- Work item -
With the pictures omitted, print exactly the lines below, from the one containing "Living Factories: Yeast, ©Biofabricate" through the one containing "Mini Kunstkerstboom 14x14x60 cm Groen Hout", and nothing else.

- Source material -
━━━━━━━━

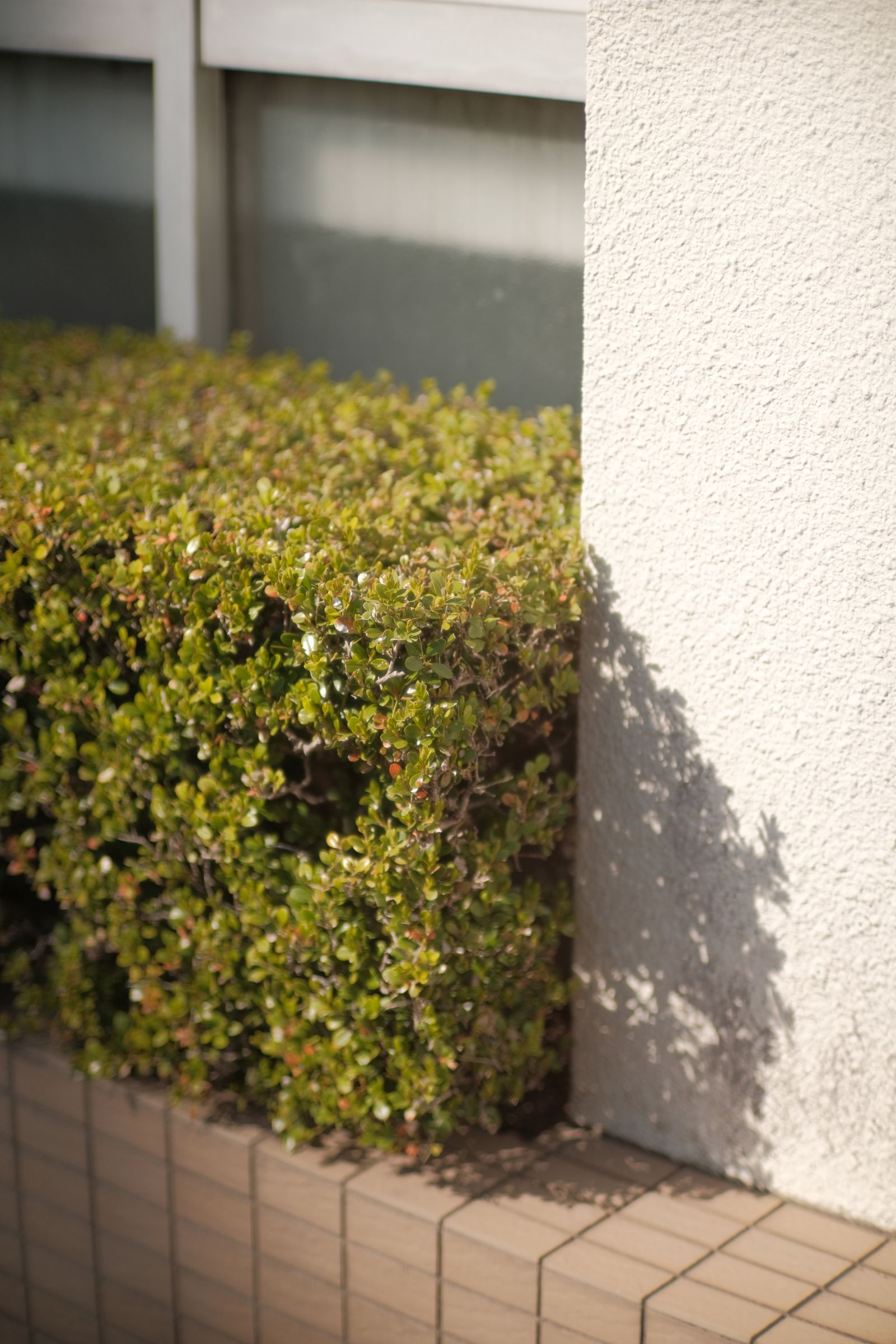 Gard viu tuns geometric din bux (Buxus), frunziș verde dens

━━━━━━━━

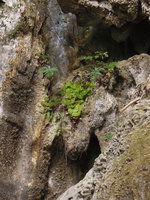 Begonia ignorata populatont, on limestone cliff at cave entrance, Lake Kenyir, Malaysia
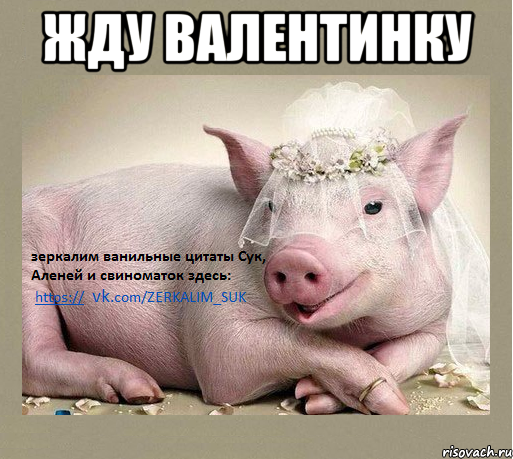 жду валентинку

━━━━━━━━

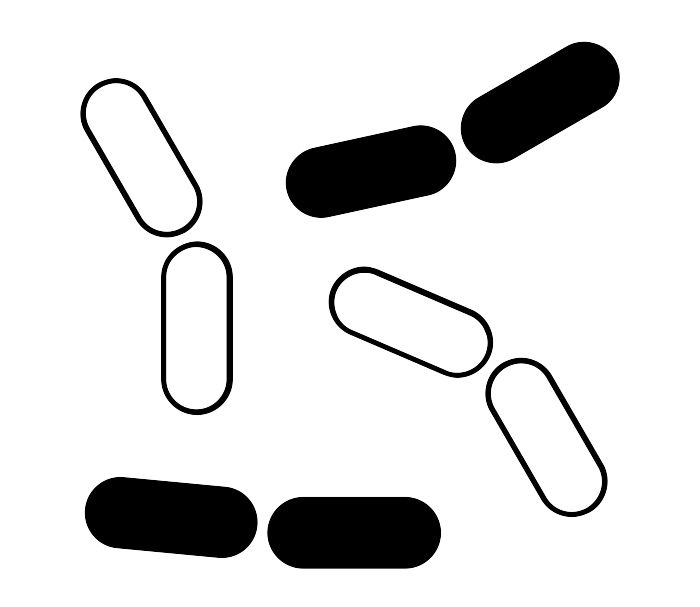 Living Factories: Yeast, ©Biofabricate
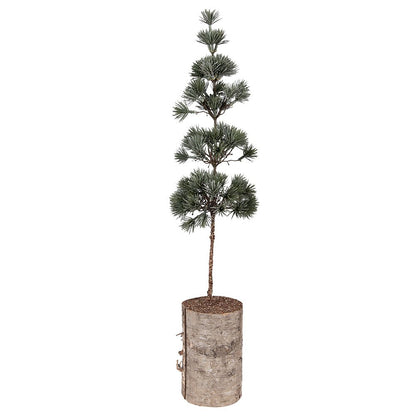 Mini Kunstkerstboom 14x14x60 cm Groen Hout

━━━━━━━━

- Answer area -
 Living Factories: Yeast, ©Biofabricate
 Mini Kunstkerstboom 14x14x60 cm Groen Hout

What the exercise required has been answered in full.